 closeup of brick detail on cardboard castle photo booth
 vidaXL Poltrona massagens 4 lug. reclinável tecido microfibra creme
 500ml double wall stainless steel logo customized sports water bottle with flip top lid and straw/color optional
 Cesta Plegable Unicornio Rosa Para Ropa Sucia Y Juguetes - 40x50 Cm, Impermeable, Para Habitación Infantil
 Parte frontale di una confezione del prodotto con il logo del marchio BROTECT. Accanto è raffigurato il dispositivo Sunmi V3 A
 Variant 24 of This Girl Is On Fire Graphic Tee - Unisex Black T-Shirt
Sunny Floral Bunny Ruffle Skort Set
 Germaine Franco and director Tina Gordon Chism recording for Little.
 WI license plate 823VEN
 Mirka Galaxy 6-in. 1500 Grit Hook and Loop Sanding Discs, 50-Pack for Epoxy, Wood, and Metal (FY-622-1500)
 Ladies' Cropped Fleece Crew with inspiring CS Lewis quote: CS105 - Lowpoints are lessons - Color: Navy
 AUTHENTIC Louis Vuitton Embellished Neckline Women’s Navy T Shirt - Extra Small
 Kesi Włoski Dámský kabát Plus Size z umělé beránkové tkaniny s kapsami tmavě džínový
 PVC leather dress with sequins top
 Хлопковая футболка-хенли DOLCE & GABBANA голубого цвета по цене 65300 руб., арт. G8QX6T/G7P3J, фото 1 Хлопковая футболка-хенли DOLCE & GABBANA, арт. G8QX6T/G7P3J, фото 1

[TASK DIRECTIONS] An exact reproduction of all the entries, complete to the last line, is needed.

[ANSWER TO THIS EXERCISE]
 closeup of brick detail on cardboard castle photo booth
 vidaXL Poltrona massagens 4 lug. reclinável tecido microfibra creme
 500ml double wall stainless steel logo customized sports water bottle with flip top lid and straw/color optional
 Cesta Plegable Unicornio Rosa Para Ropa Sucia Y Juguetes - 40x50 Cm, Impermeable, Para Habitación Infantil
 Parte frontale di una confezione del prodotto con il logo del marchio BROTECT. Accanto è raffigurato il dispositivo Sunmi V3 A
 Variant 24 of This Girl Is On Fire Graphic Tee - Unisex Black T-Shirt
Sunny Floral Bunny Ruffle Skort Set
 Germaine Franco and director Tina Gordon Chism recording for Little.
 WI license plate 823VEN
 Mirka Galaxy 6-in. 1500 Grit Hook and Loop Sanding Discs, 50-Pack for Epoxy, Wood, and Metal (FY-622-1500)
 Ladies' Cropped Fleece Crew with inspiring CS Lewis quote: CS105 - Lowpoints are lessons - Color: Navy
 AUTHENTIC Louis Vuitton Embellished Neckline Women’s Navy T Shirt - Extra Small
 Kesi Włoski Dámský kabát Plus Size z umělé beránkové tkaniny s kapsami tmavě džínový
 PVC leather dress with sequins top
 Хлопковая футболка-хенли DOLCE & GABBANA голубого цвета по цене 65300 руб., арт. G8QX6T/G7P3J, фото 1 Хлопковая футболка-хенли DOLCE & GABBANA, арт. G8QX6T/G7P3J, фото 1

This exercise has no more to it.